- _REQUIRED WORK_: Would you return the data below exactly as it stands, with every picture left out?

Start of Block

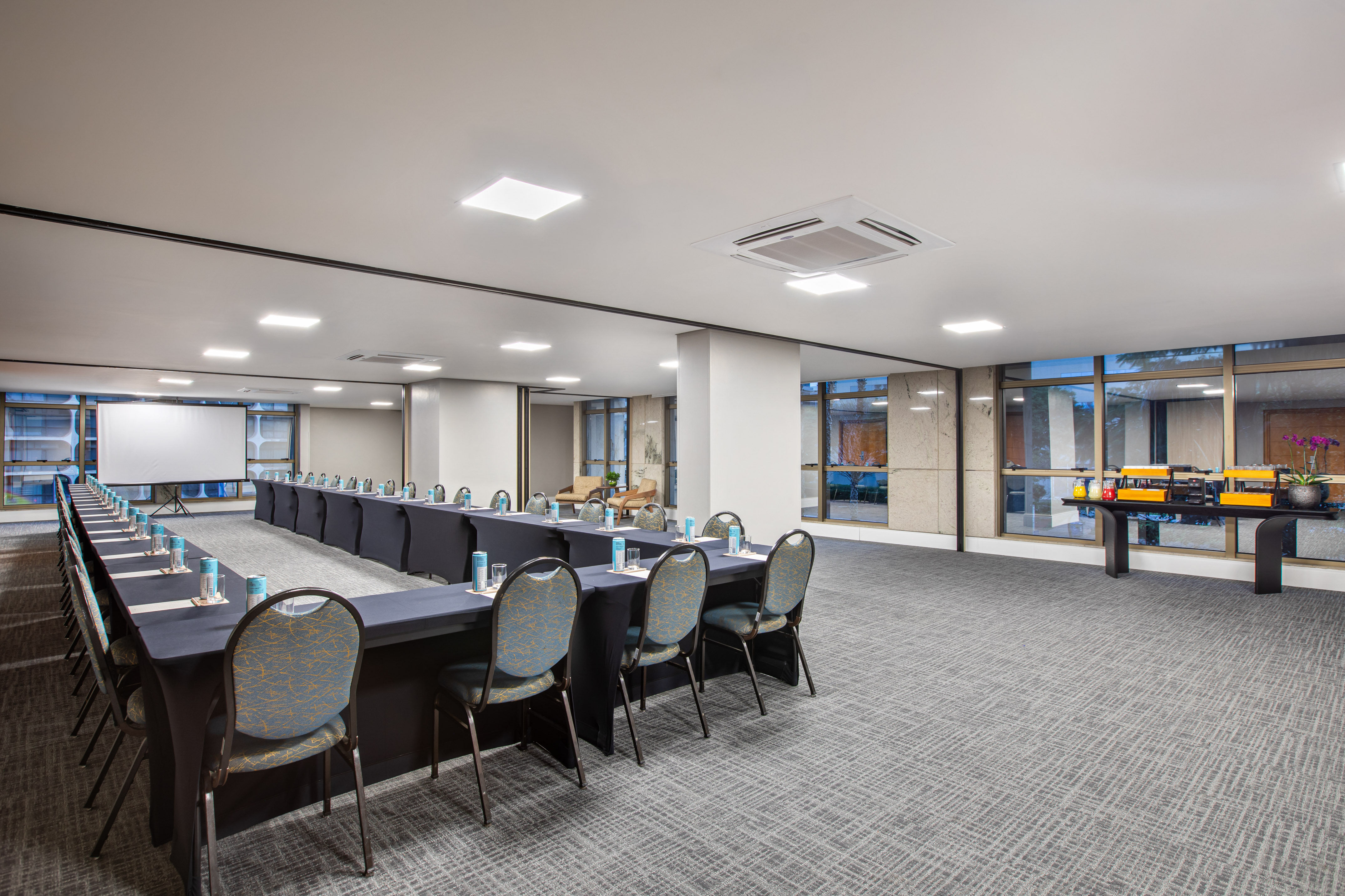 Empty U-shaped conference room with presentation screen and buffet station.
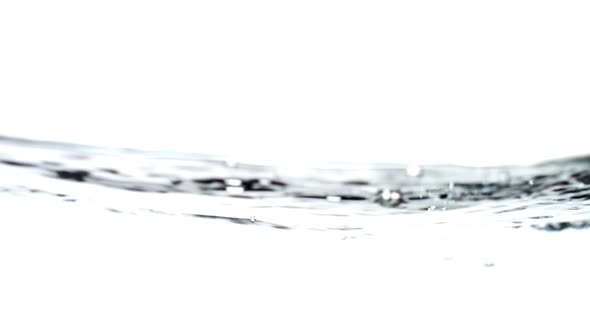 Slow motion water ripples on a white background alt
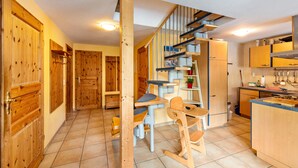 Une cuisine avec des meubles en bois, un coin repas avec des chaises et un escalier.
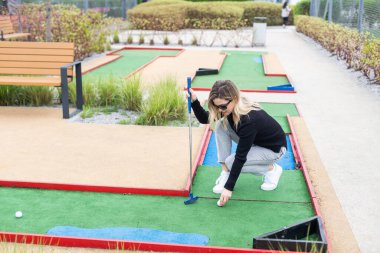 Mini golf oynayan bir kadın. Yaz sporu ve boş zaman aktivitesi. Yüksek kalite fotoğraf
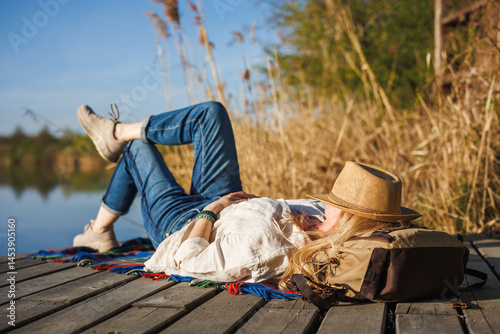 Obraz na płótnie Woman relaxing and napping on pier at lake, face covered by straw hat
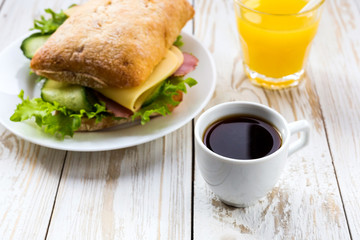 Chiabatta sandwich, cup of coffee and orange juice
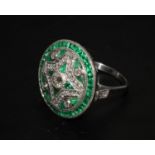 A Large stylish platinum vintage style emerald and diamond cocktail ring. Old cut diamonds 0.58ct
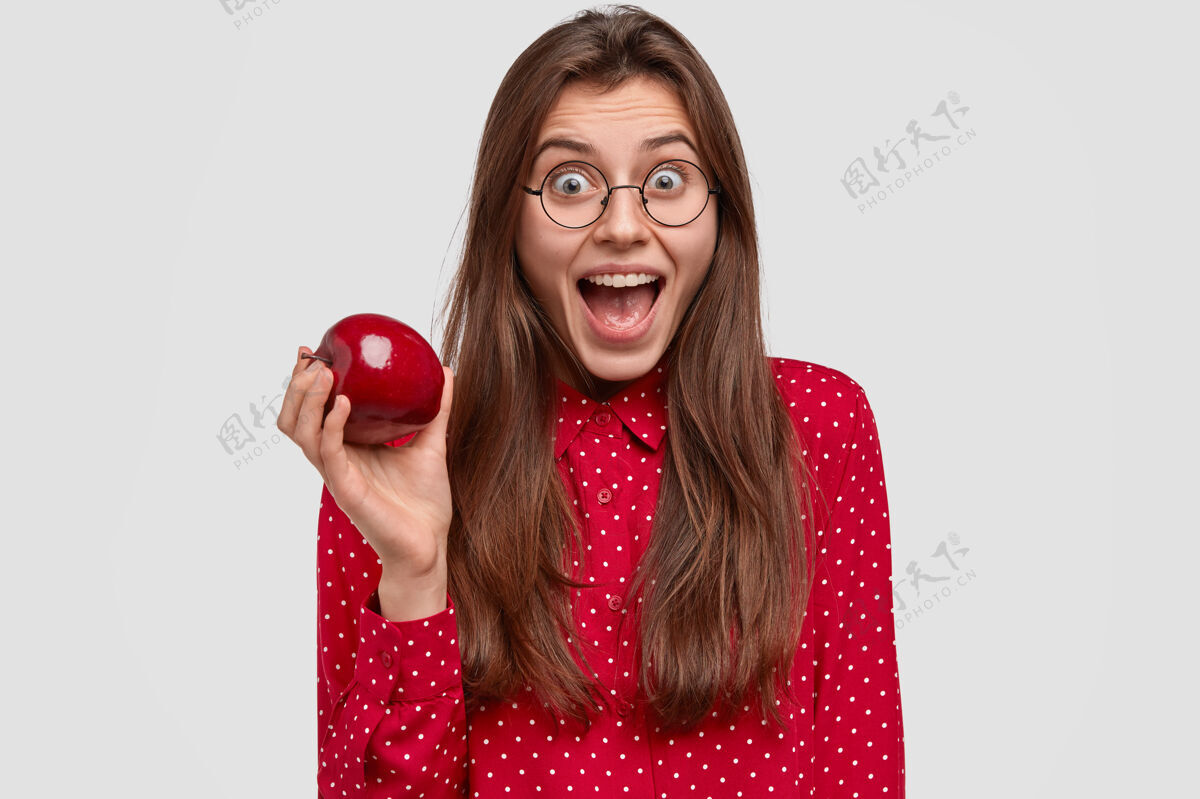 维生素快乐的黑发女人张大嘴巴 有快乐的表情 戴着圆眼镜 红色圆点衬衫 捧着新鲜的苹果饮食苹果黑发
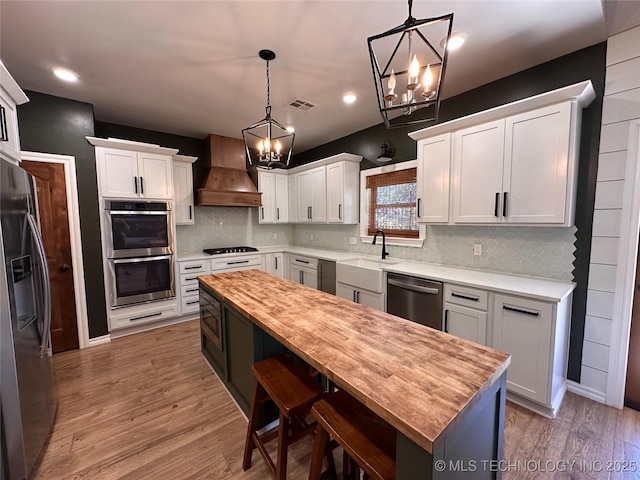 kitchen with an inviting chandelier, wood counters, appliances with stainless steel finishes, and custom exhaust hood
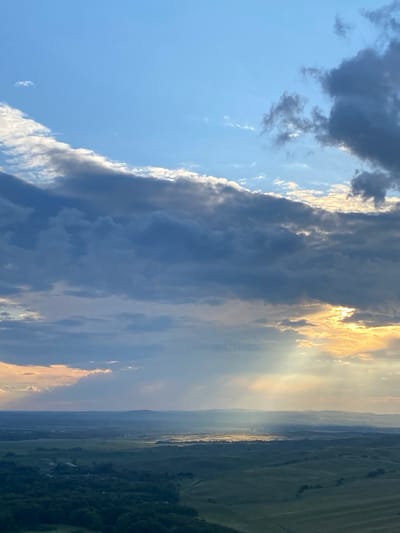 This is an aerial, wide-angle photograph of a rural landscape at sunset. The sky is a dominant feature, filled with dramatic, layered clouds. The upper portion of the sky is a clear, vibrant blue, transitioning to darker, textured gray clouds that stretch across the frame. Shafts of golden sunlight break through the clouds, illuminating patches of the landscape below. The middle ground features rolling hills covered in a patchwork of green fields and scattered trees. In the distance, a hazy horizon is visible, with faint outlines of more hills. The foreground shows a dense area of dark green trees. There are no people or specific structures clearly identifiable in the image, suggesting a natural, undeveloped setting. The scene evokes a sense of natural beauty and the grandeur of the sky at dusk.
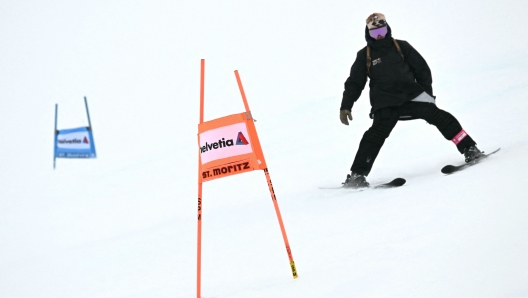 A volunteer is seen after the start of the Women's Super-G race was delayed, during the FIS Alpine ski World Cup 2024-2025, in St. Moritz on December 22, 2024. (Photo by FABRICE COFFRINI / AFP)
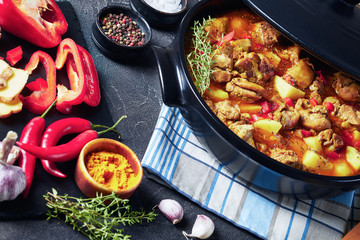 spicy chicken boneless thighs curry in a pan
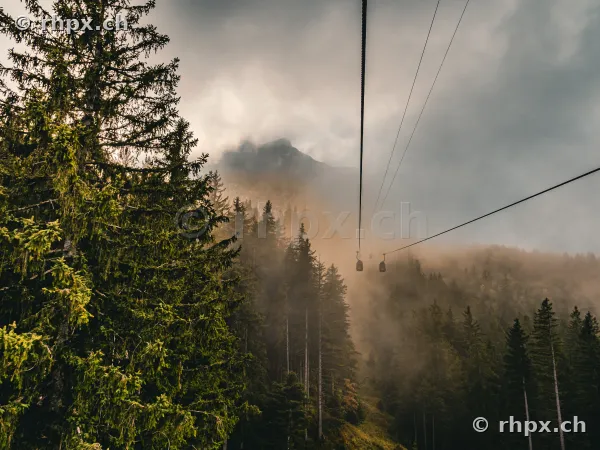 View from a cable car towards the misty and cloud-covered Mount Pilatus near Lucerne.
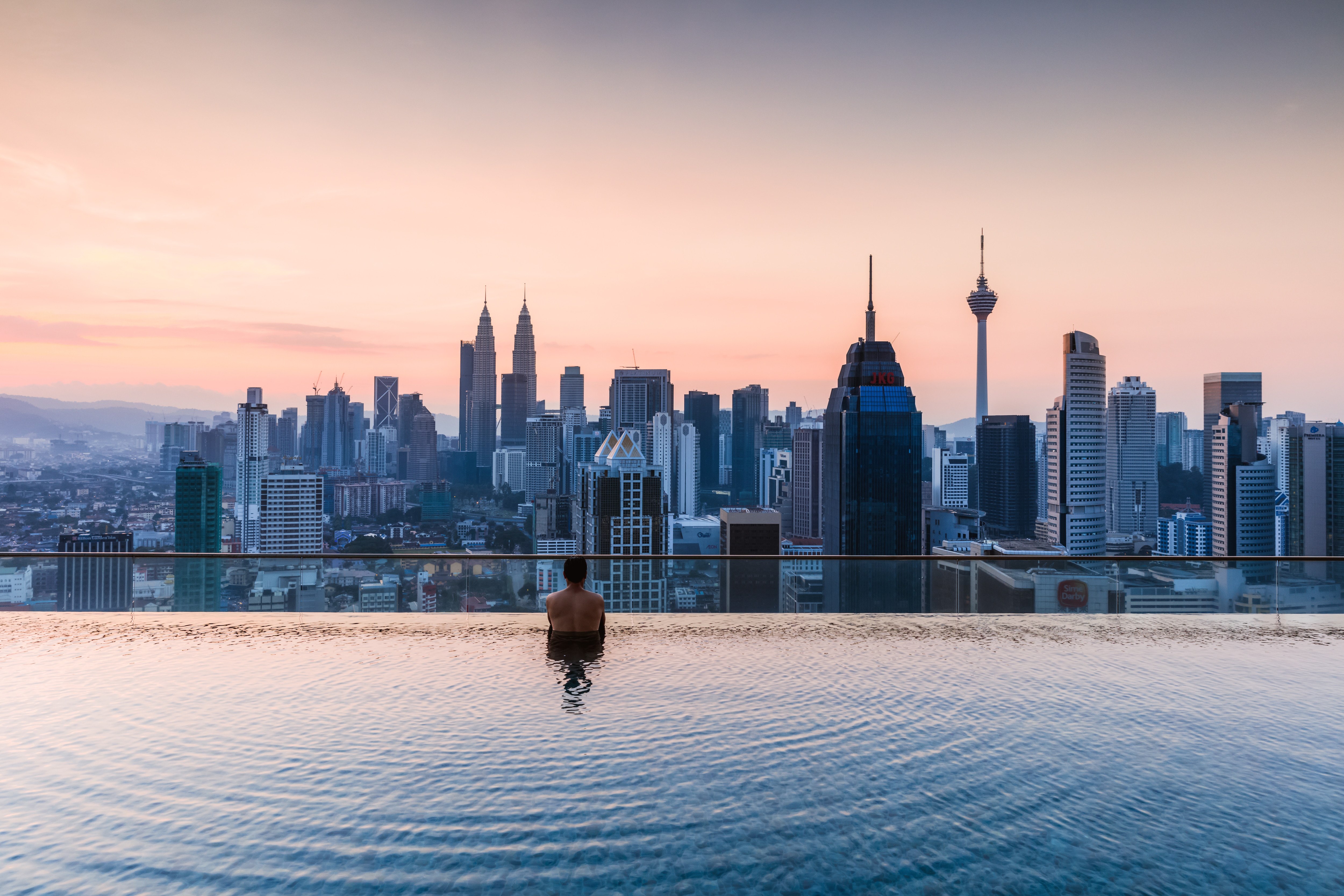 Man in infinity pool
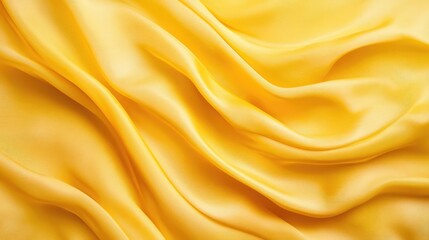 Fototapeta premium Yellow silk fabric texture background with elegant draping and soft folds creating a luxurious and vibrant visual appeal for design use.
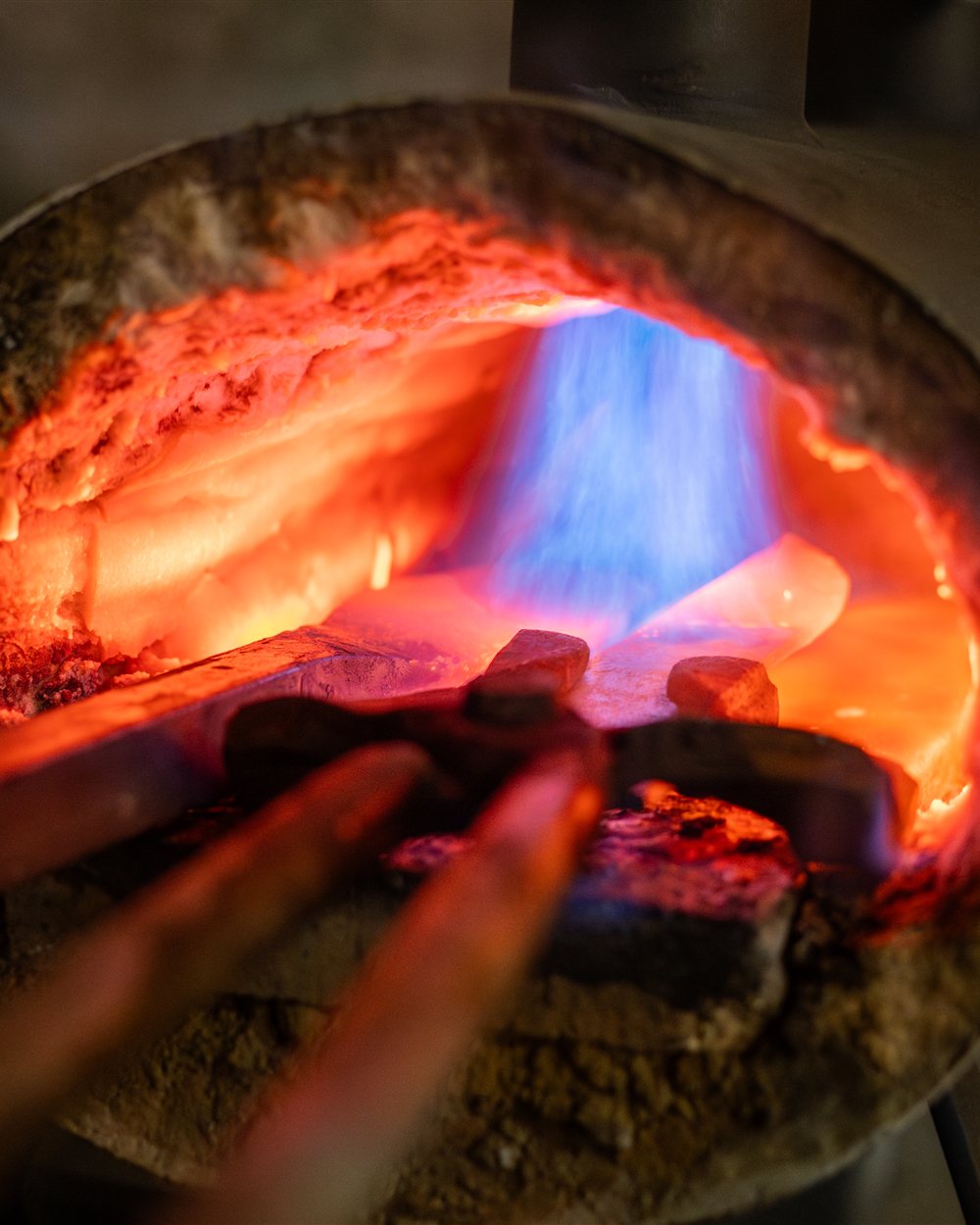 Barres d’acier chauffées au rouge dans le foyer de forge à la flamme, atelier Meignoz Forges & Lames à Romans-sur-Isère (Drôme)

End of Block

- _RESULT FOR THIS TASK_:
 Empty U-shaped conference room with presentation screen and buffet station.
 Slow motion water ripples on a white background alt
 Une cuisine avec des meubles en bois, un coin repas avec des chaises et un escalier.
 Mini golf oynayan bir kadın. Yaz sporu ve boş zaman aktivitesi. Yüksek kalite fotoğraf
 Obraz na płótnie Woman relaxing and napping on pier at lake, face covered by straw hat
 Chiabatta sandwich, cup of coffee and orange juice
 A Large stylish platinum vintage style emerald and diamond cocktail ring. Old cut diamonds 0.58ct
 维生素快乐的黑发女人张大嘴巴 有快乐的表情 戴着圆眼镜 红色圆点衬衫 捧着新鲜的苹果饮食苹果黑发
 kitchen with an inviting chandelier, wood counters, appliances with stainless steel finishes, and custom exhaust hood
 This is an aerial, wide-angle photograph of a rural landscape at sunset. The sky is a dominant feature, filled with dramatic, layered clouds. The upper portion of the sky is a clear, vibrant blue, transitioning to darker, textured gray clouds that stretch across the frame. Shafts of golden sunlight break through the clouds, illuminating patches of the landscape below. The middle ground features rolling hills covered in a patchwork of green fields and scattered trees. In the distance, a hazy horizon is visible, with faint outlines of more hills. The foreground shows a dense area of dark green trees. There are no people or specific structures clearly identifiable in the image, suggesting a natural, undeveloped setting. The scene evokes a sense of natural beauty and the grandeur of the sky at dusk.
 A volunteer is seen after the start of the Women's Super-G race was delayed, during the FIS Alpine ski World Cup 2024-2025, in St. Moritz on December 22, 2024. (Photo by FABRICE COFFRINI / AFP)
 spicy chicken boneless thighs curry in a pan
 View from a cable car towards the misty and cloud-covered Mount Pilatus near Lucerne.
 Man in infinity pool
 Fototapeta premium Yellow silk fabric texture background with elegant draping and soft folds creating a luxurious and vibrant visual appeal for design use.
 Barres d’acier chauffées au rouge dans le foyer de forge à la flamme, atelier Meignoz Forges & Lames à Romans-sur-Isère (Drôme)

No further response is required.